The Works of Samuel Johnson, Volume 05 eBook

This eBook from the Gutenberg Project consists of approximately 570 pages of information about The Works of Samuel Johnson, Volume 05.

The Works of Samuel Johnson, Volume 05 eBook

This eBook from the Gutenberg Project consists of approximately 570 pages of information about The Works of Samuel Johnson, Volume 05.

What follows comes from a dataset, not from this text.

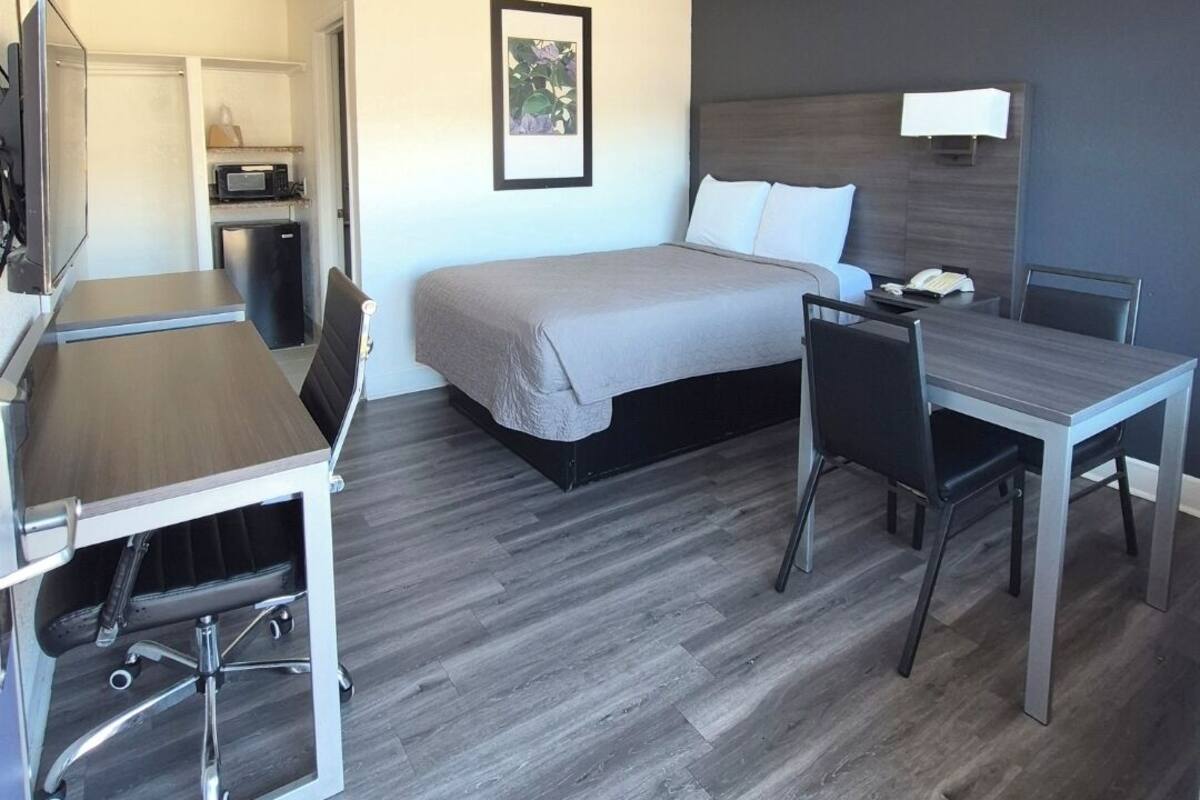 Habitación de hotel pequeña con cama, escritorio y una silla. Cuenta con una kitchenette con microondas y refrigerador.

Traffick, even while it continues in its state of prosperity, must owe its success to agriculture; the materials of manufacture are the produce of the earth.  The wool which we weave into cloth, the wood which is formed into cabinets, the metals which are forged into weapons, are supplied by nature with the help of art.  Manufactures, indeed, and profitable manufactures, are sometimes raised from imported materials, but then we are subjected, a second time, to the caprice of our neighbours.  The natives of Lombardy might easily resolve to retain their silk at home, and employ workmen of their own to weave it.  And this will certainly be done when they grow wise and industrious, when they have sagacity to discern their true interest, and vigour to pursue it.

Mines are generally considered as the great sources of wealth, and superficial observers have thought the possession of great quantities of precious metals the first national happiness.  But Europe has long seen, with wonder and contempt, the poverty of Spain, who thought herself exempted from the labour of tilling the ground, by the conquest of Peru, with its veins of silver.  Time, however, has taught even this obstinate and haughty nation, that without agriculture they may, indeed, be the transmitters of money, but can never be the possessours.  They may dig it out of the earth, but must immediately send it away to purchase cloth or bread, and it must at last remain with some people wise enough to sell much, and to buy little; to live upon their own lands, without a wish for those things which nature has denied them.

Mines are themselves of no use, without some kind of agriculture.  We have, in our own country, inexhaustible stores of iron, which lie useless in the ore for want of wood.  It was never the design of Providence to feed man without his own concurrence; we have from nature only what we cannot provide for ourselves; she gives us wild fruits, which art must meliorate, and drossy metals, which labour must refine.

Particular metals are valuable, because they are scarce; and they are scarce, because the mines that yield them are emptied in time.  But the surface of the earth is more liberal than its caverns.  The field, which is this autumn laid naked by the sickle, will be covered, in the succeeding summer, by a new harvest; the grass, which the cattle are devouring, shoots up again when they have passed over it.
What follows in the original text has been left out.